Mas para que precisa Angola de tutela portuguesa no Direito?
O Direito português teve um vicejo na civilística por altura da aprovação do Código Civil de 1966, quando Antunes Varela, Galvão Telles, Almeida Costa, entre outros, marcaram um ponto alto da ciência privatística lusa. Na área do Direito público, a revolução de Abril fez sobressair nomes como Gomes Canotilho, Vital Moreira, Jorge Miranda, Marcelo Rebelo de Sousa e Freitas do Amaral.
No entanto, hoje, com algumas excepções, a ciência jurídica lusa perdeu-se entre a endogamia universitária, o compadrio e o clientelismo apressado. Os professores estão sempre com pressa. Pouco investigam, pouco pensam. Não existe uma orgulhosa ciência jurídica lusitana que possa servir de exemplo para Angola.
A permanência da ligação do ensino do Direito angolano apenas a Portugal representa uma prisão e um atraso para Angola. Obviamente, tal não significa que não se peça o contributo português, mas o ensino angolano deve ser descolonizado e os currículos revistos.
Há uma História do Direito em Angola que não é a História do Direito Português, há uma história das ideias em África que não é só a história das ideias na Europa. Há temas específicos para a realidade angolana, o direito dos petróleos, das minas, etc. E sobretudo, existe toda a tradição de direito costumeiro, local, rural, de resolução alternativa dos conflitos, que não é abordada nas faculdades de Direito.
Quantas e quantas disputas não são resolvidas pelos chefes locais com base em normas consuetudinárias?
A imensidão de Angola, o pluralismo das suas gentes e dos seus viveres traduz-se num pluralismo legal que é abafado nas escolas jurídicas, quando devia ser alimentado, ensinado e promovido, pois é sempre da pluralidade que surge o progresso.
Quer os currículos, quer a formação de professores deveriam ser descolonizados. Sim, trabalhar com Portugal, mas de igual para igual e com exigência, e abrir horizontes para o resto do mundo.
Pensemos no fiasco que foi a intervenção angolana em Londres nos casos do Fundo Soberano . Em parte, o erro de avaliação poderá ter resultado da formação dos juristas angolanos que acompanharam o caso. Na realidade, a jurisprudência sobre os contratos é extremamente diferente em Portugal e em Inglaterra, e tal pode não ter sido ponderado na avaliação realizada antes de se iniciarem os procedimentos legais.

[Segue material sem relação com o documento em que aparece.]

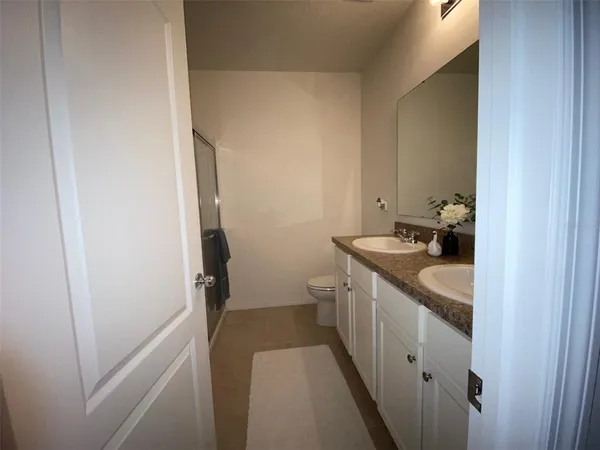 a bathroom with a sink and mirror with toilet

Note-se que a descolonização do ensino do Direito em Angola não significa ser-se anti-português, antes ser exigente com Portugal e sobretudo com os angolanos, obrigando-os a abrir as suas próprias portas, traçar os seus próprios rumos, definir o seu querer e construir um Direito à altura das necessidades do país.
O Direito é uma das prisões intelectuais em que Angola se encontra e da qual tem de se libertar.